Timing Belt Tensioner: New way to rebuild?

Post by x-rad »

Thought I would try something different. Instead of changing to a new style spring tensioner or the manual set tensioner type, I decided to try this: All oil holes to and from tensioner are plugged. New timing belt. Solid threaded stud placed for center tensioner locking nut. Removed two allen screws and aluminum cap from tensioner piston. Placed a twenty pound (approximately: went to the hardware store and just looked at their spring selection until I found one I thought would apply enough force and still fit cylinder diamenter) compression spring into cylinder, load with grease, cut just about three turns longer than bore length with piston extended fully. This makes for very firm piston nearly impossible to compress by hand. I put the tensioner back on, left off the spring behind the tensioner plate, but did use the 'balance?' spring which hooks on to the two pins. With the piston about 50-60% compressed(by using a screwdriver in the set pin hole on the pulley arm) I swung the tensioner about 40-50% of its travel and tightened the set nut and the center locking nut. The pulley was fairly firmly pressing upon the belt, and then I pulled the screwdriver from the set hole. The spring extended the plunger approx 4-5 mm, and the belt was tight, but not too tight.
With much downward pressure by hand, I was able to slightly compress the pulley. However, there is enough piston left in the cylinder to take up slack in the future.

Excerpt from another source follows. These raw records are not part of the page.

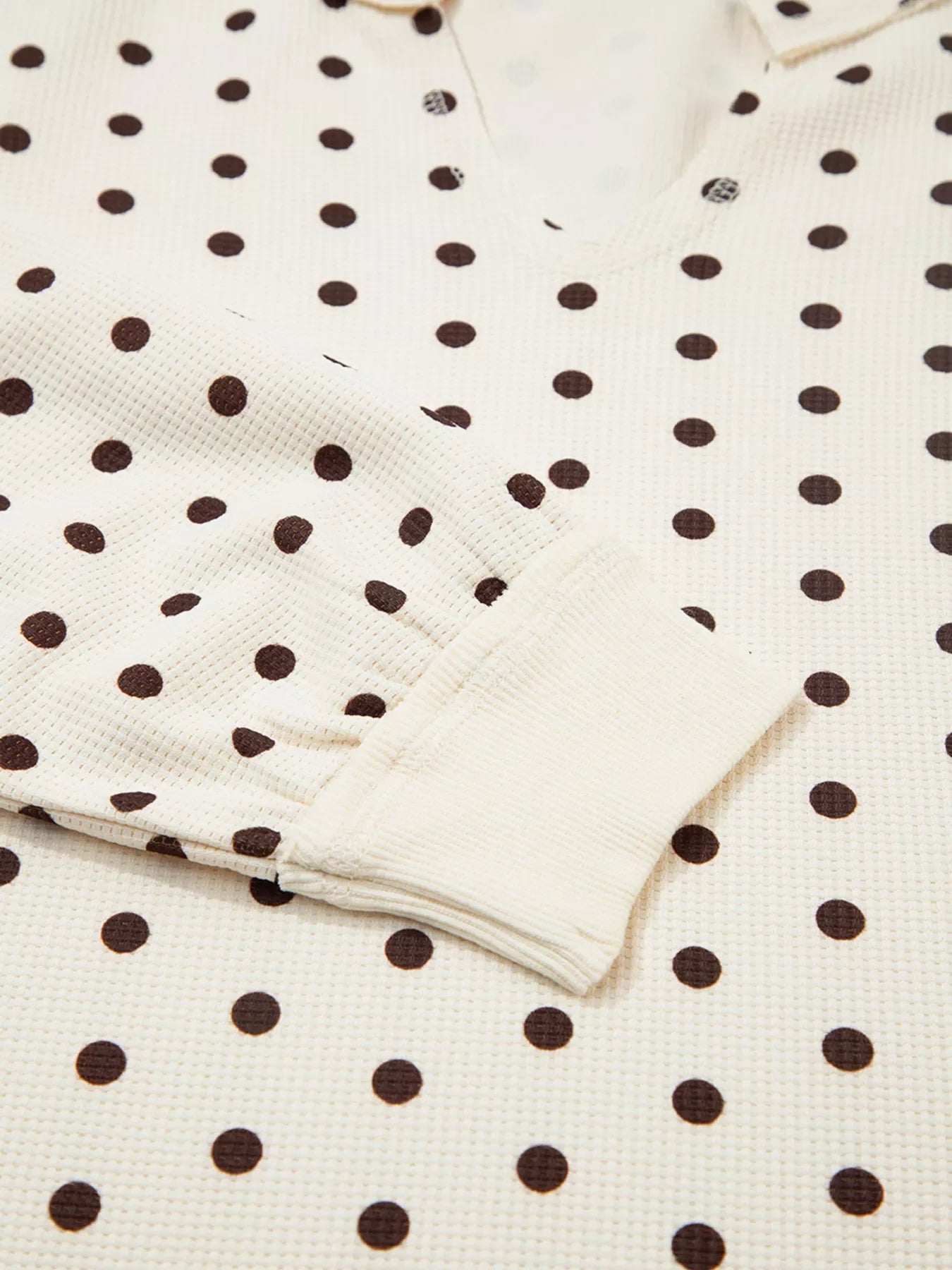 Polka Dot Notched Long Sleeve Top and Drawstring Loungewear Set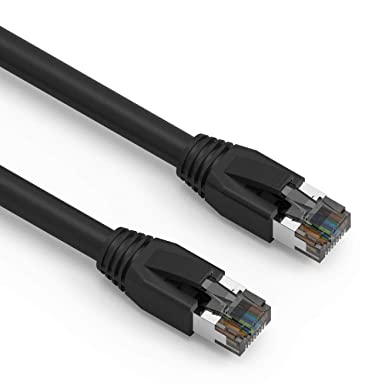 Nippon Labs Cat8 RJ45 5FT Ethernet Patch Internet Network LAN Cable, Indoor/Outdoor, 24AWG Shielded Latest 40Gbps 2000Mhz, Weatherproof S/FTP for Router, PS4, PS5, Xbox, PoE, Switch, Modem (Black)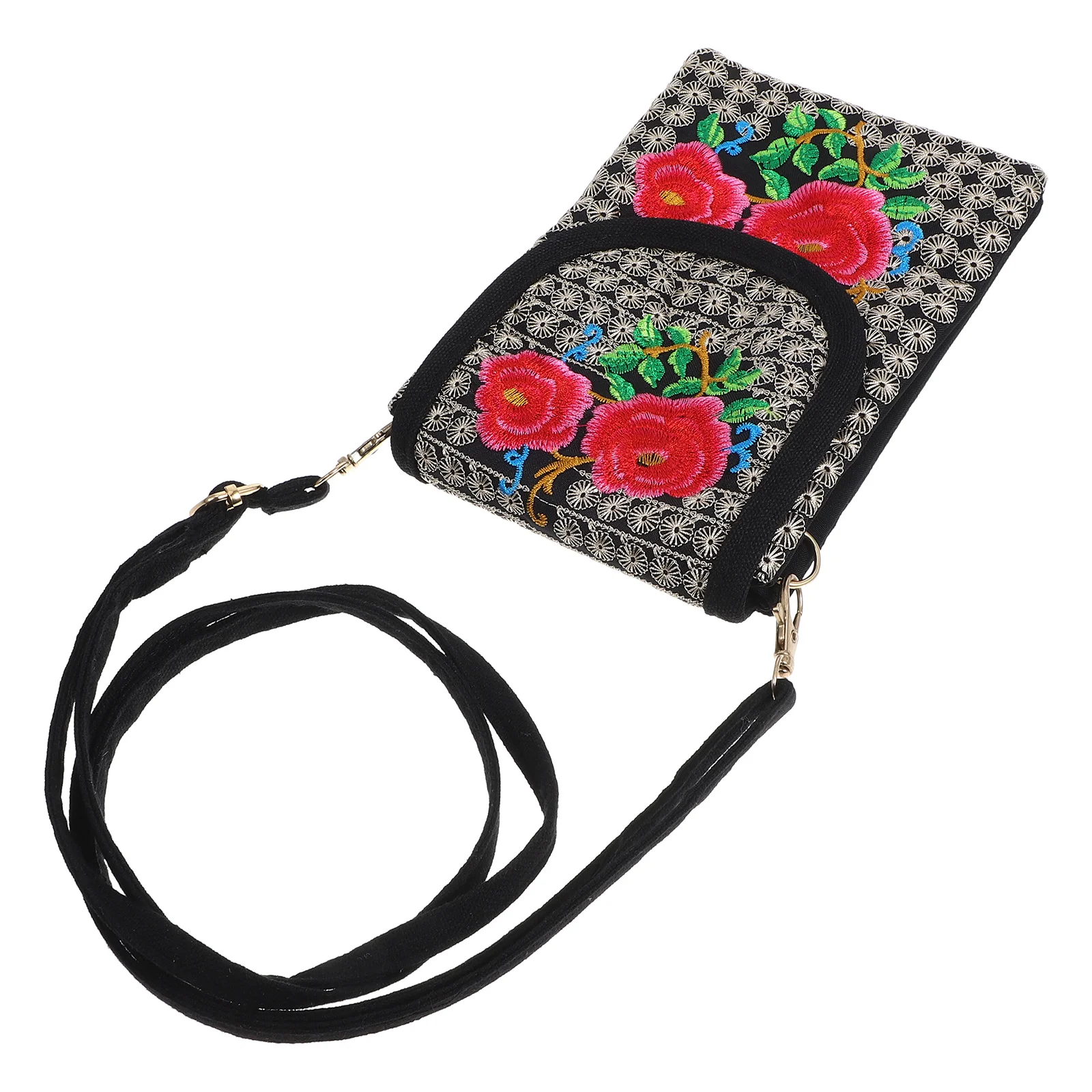 

Embroidered Canvas Crossbody Bag Lightweight Portable Phone Purse Messenger Sling Cultural Tassel Bag Wallet Storage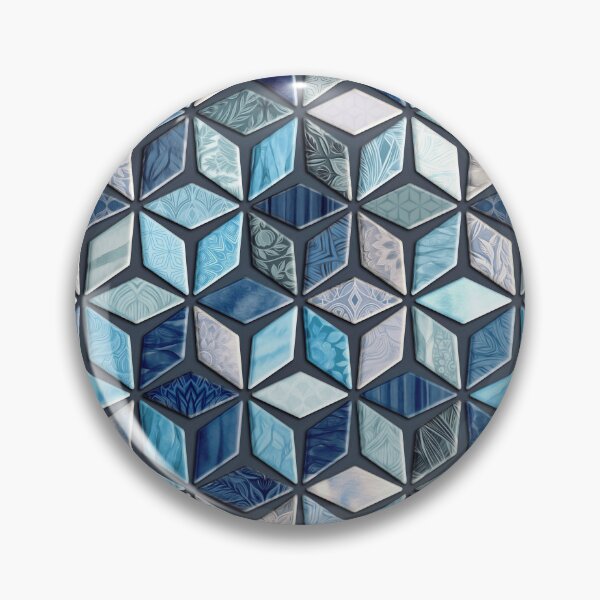 Item preview, Moody Indigo and Blue Diamond Mosaic Tiles Pattern designed and sold by micklyn.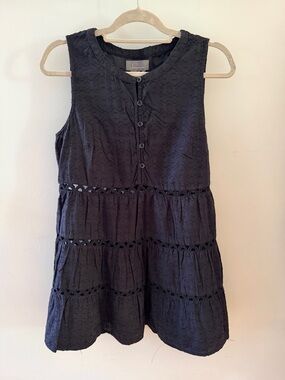 Anthropologie Ismene Black Tunic Top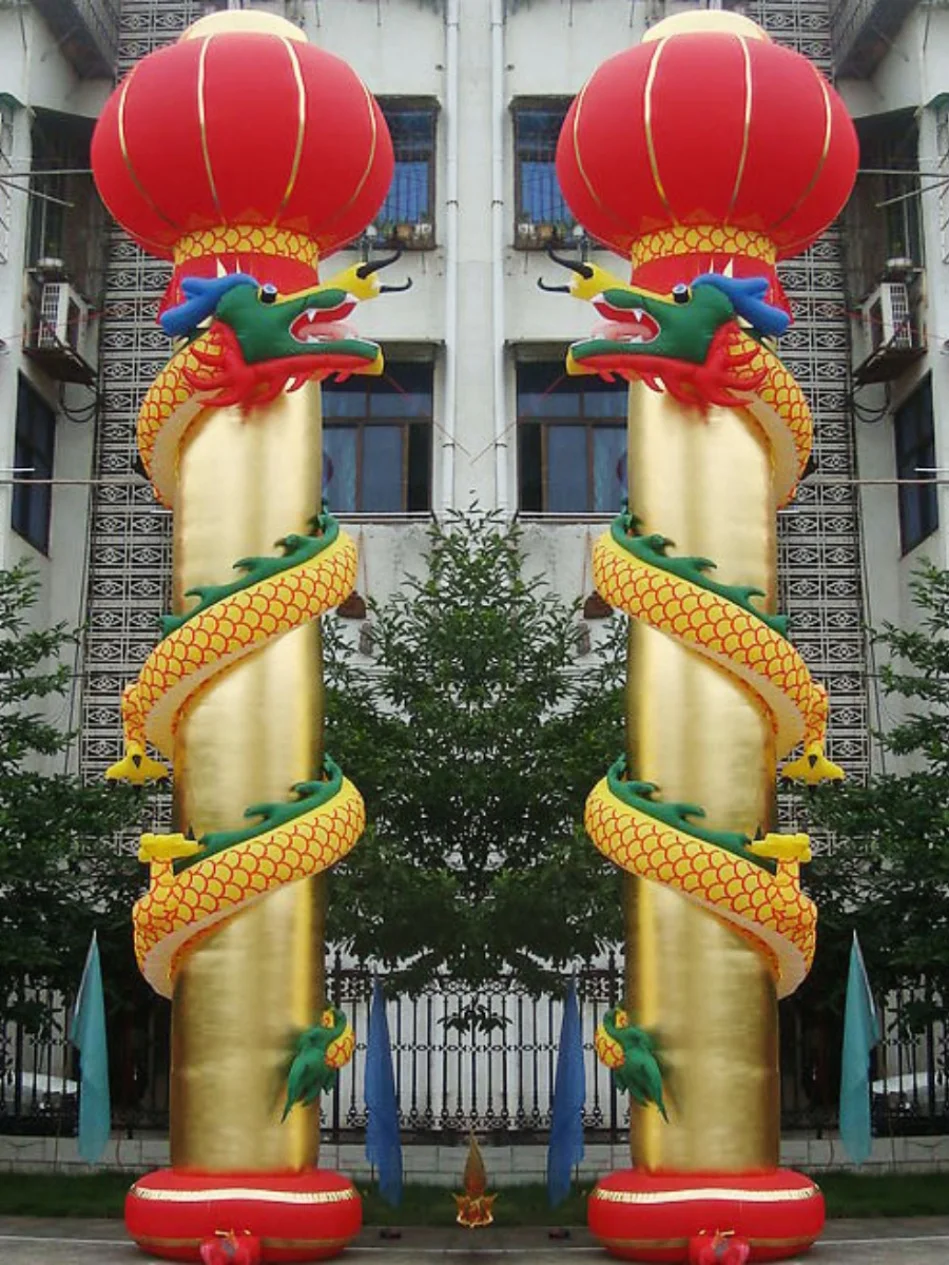 6 M 8 M 10M Golden Dragon Column Lantern Opening Ceremony Wedding Ceremony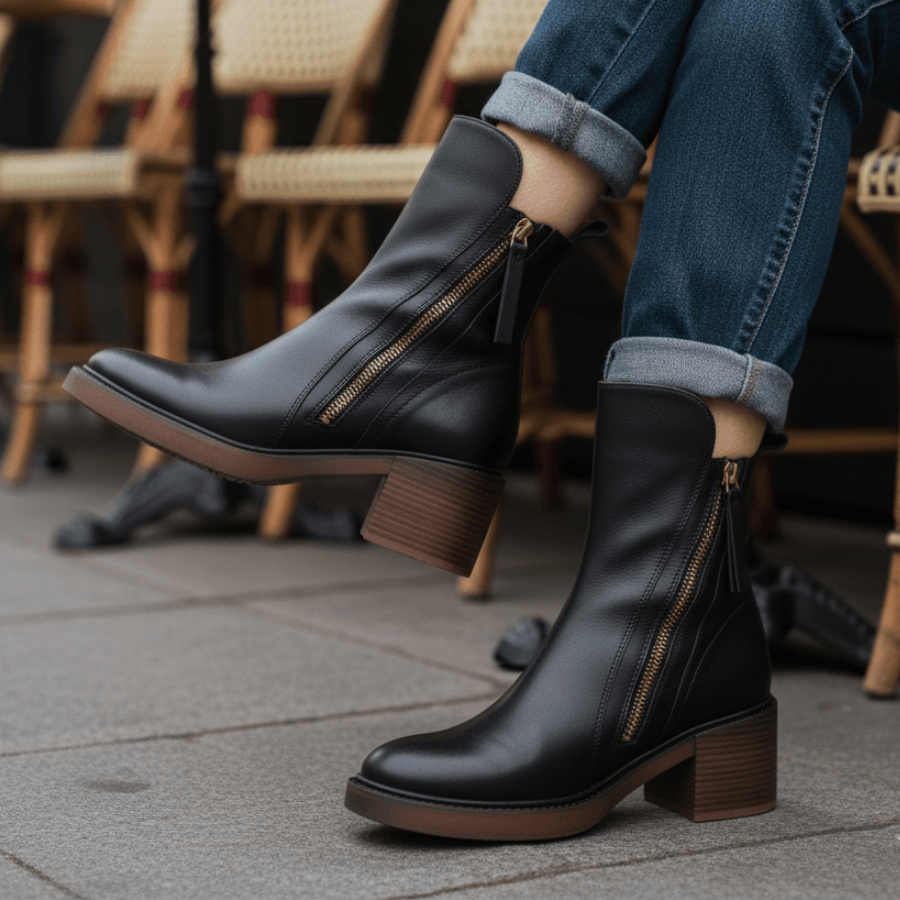 Women's Round-Toe Vegan Leather Ankle Boots with Block Heel and Side Zip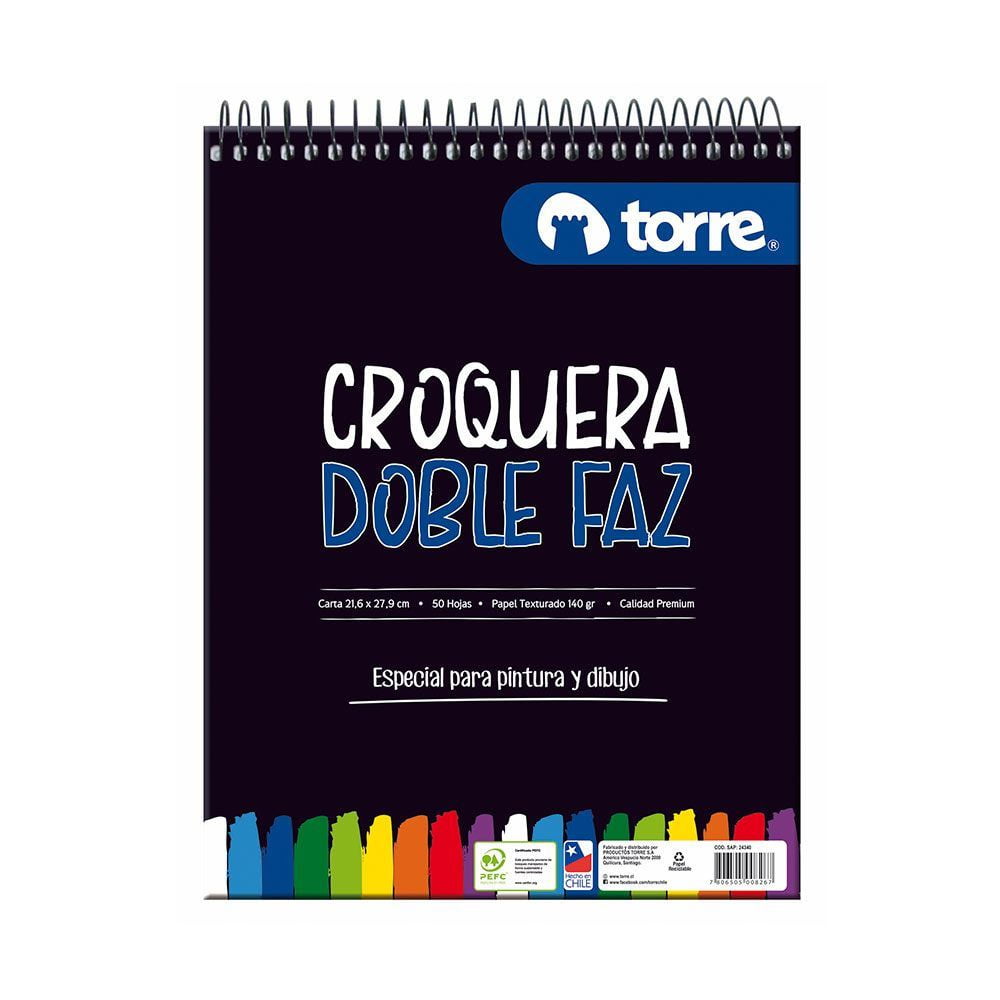 Torre - Croquera Doble Faz 21.6x27.9cms (carta)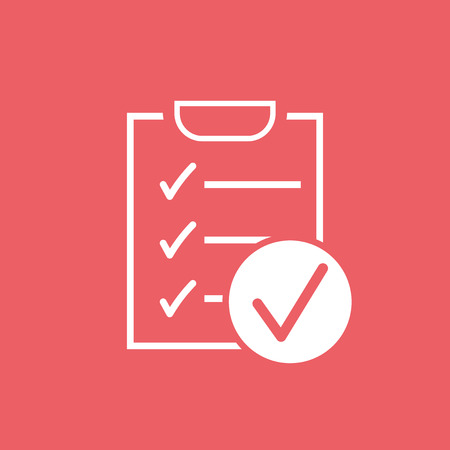 Checklist vector icon. Survey vector illustration in flat design on red background.のイラスト素材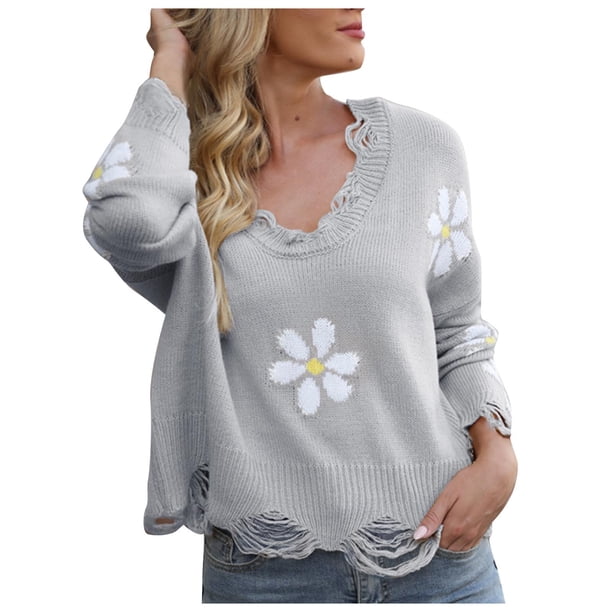 Suéter de punto informal de manga larga de otoño e invierno para mujer con cuello en V estampado Pompotops hdfakjf11602
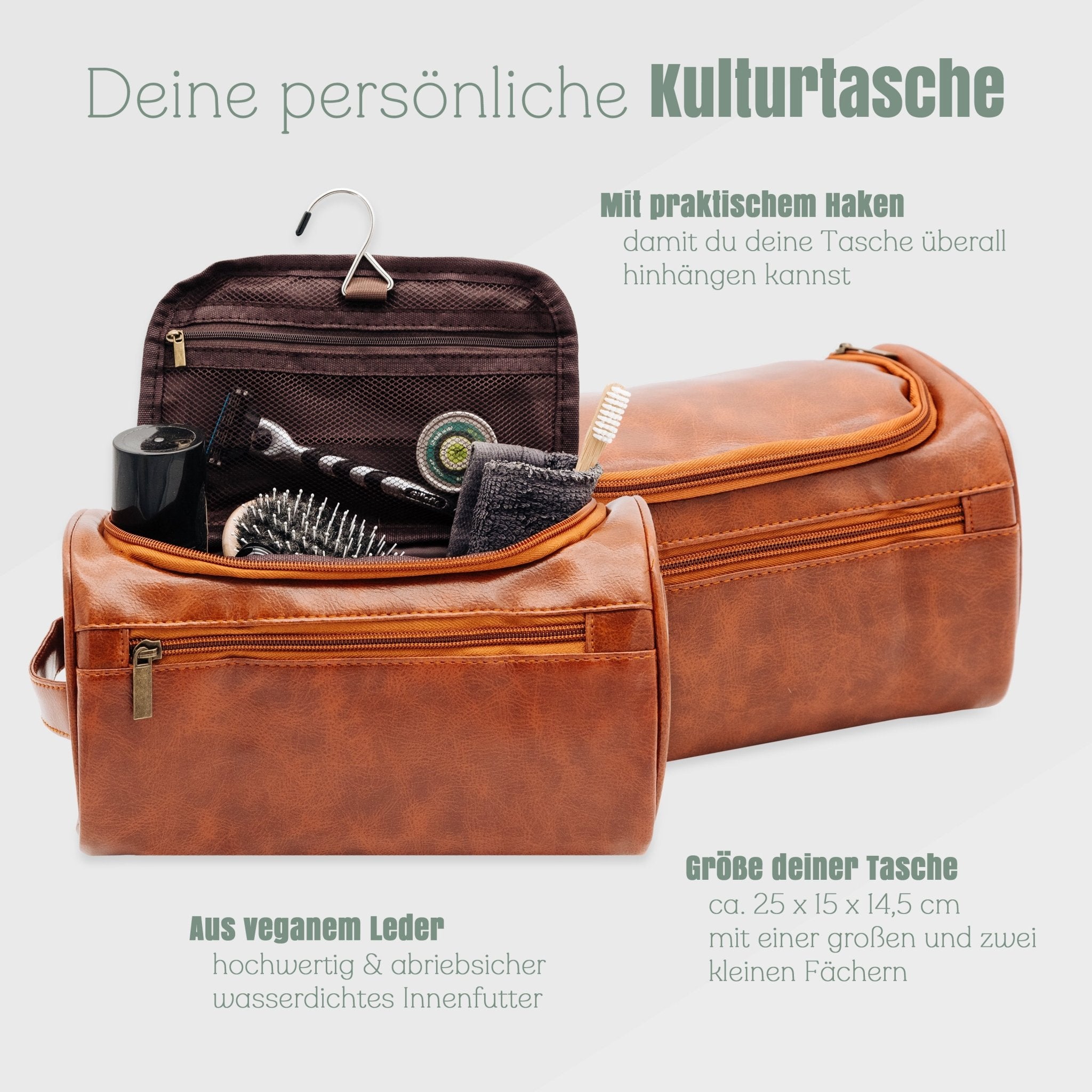 Leder Kulturbeutel - verschiedene Motive mit Namen oder Intitialen - Abenteuernah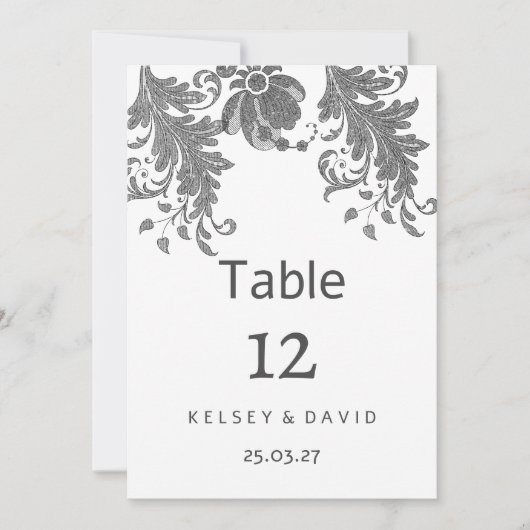 Chic black white glitter floral lace Table Numbers 招待状 (正面)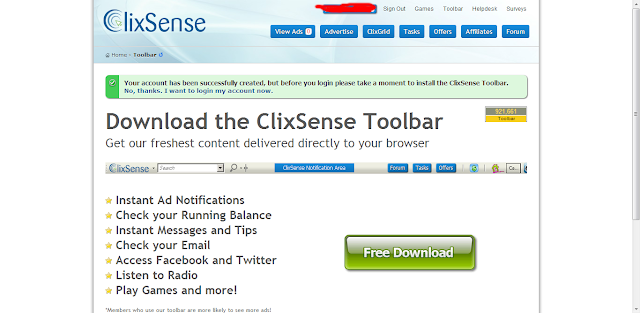 ทางเลือกในการติดตั้ง Toolbar ของ Clixsense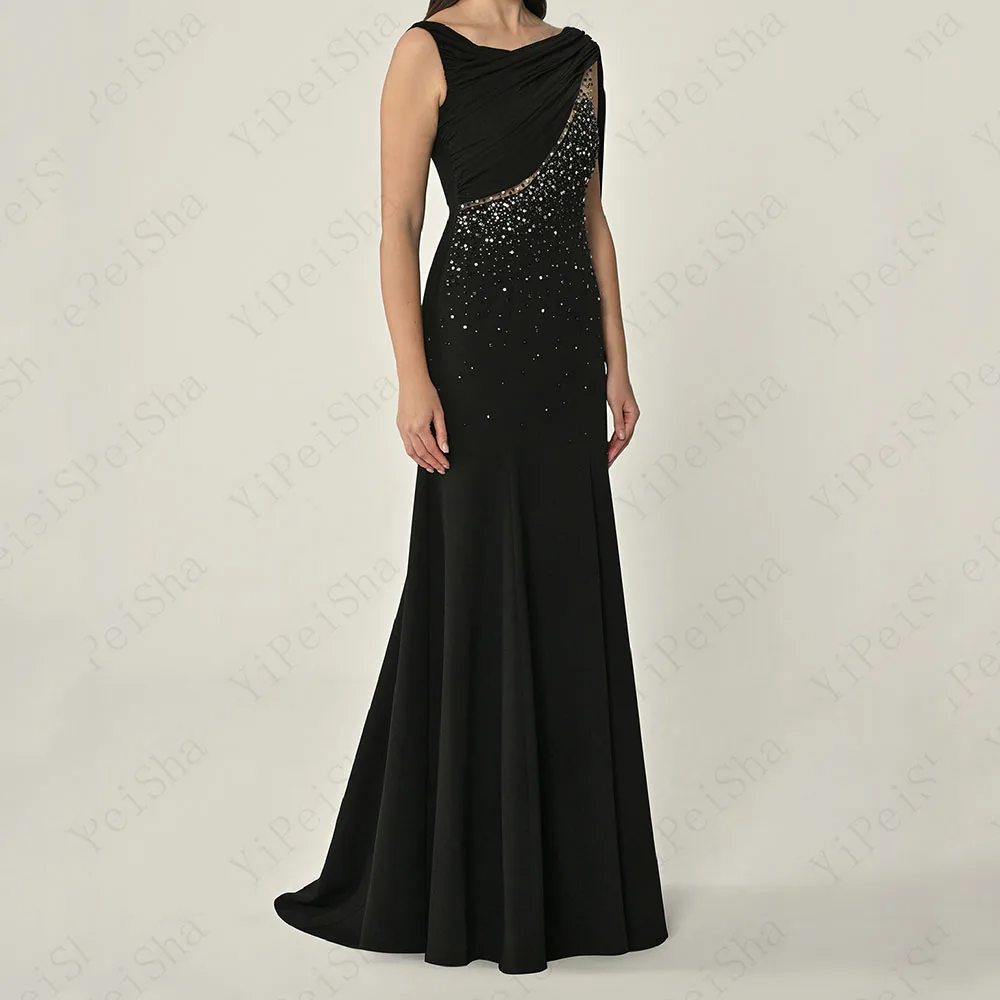 

Customized Mermaid Floor-Length Floor-Length V-Neck Sleeveless Evening Gown Fashion Crystal Simple sStole Draped Party Gown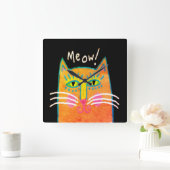 Funky Orange Cat Abstrakt Art Quadratische Wanduhr (Zuhause)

The geometry allows an advantage to the piston over the belt tension, but without much travel. So, the initial setup has to fairly tight. I would have used a constantly extending gas piston like in the 91 eclipse 2L, but that is an iron block without much expansion.
I have yet to install the engine(rebuilt 3.0 verde, 85 gvt6) and run this setup. But, it seems fairly dependible. At least the slack will be taken up. It is better than what was originally on the engine(only the 'balance?' spring, and the tensioner manually set with no ability to compensate for wear). The whole deal cost about 8$ plus timing belt.
User avatar
x-rad
Verde
Verde
Posts: 1223
Joined: Sat Mar 05, 2005 1:21 pm
Location: Canton, Ohio, USA

Post by x-rad »

Apparently there was supposed to be an approximately 20 lb spring in the tensioner cylinder to begin with! I found a weak, maybe 3 lb, sping in the cylinder(someone else's rebuild?). At least there is more tension now.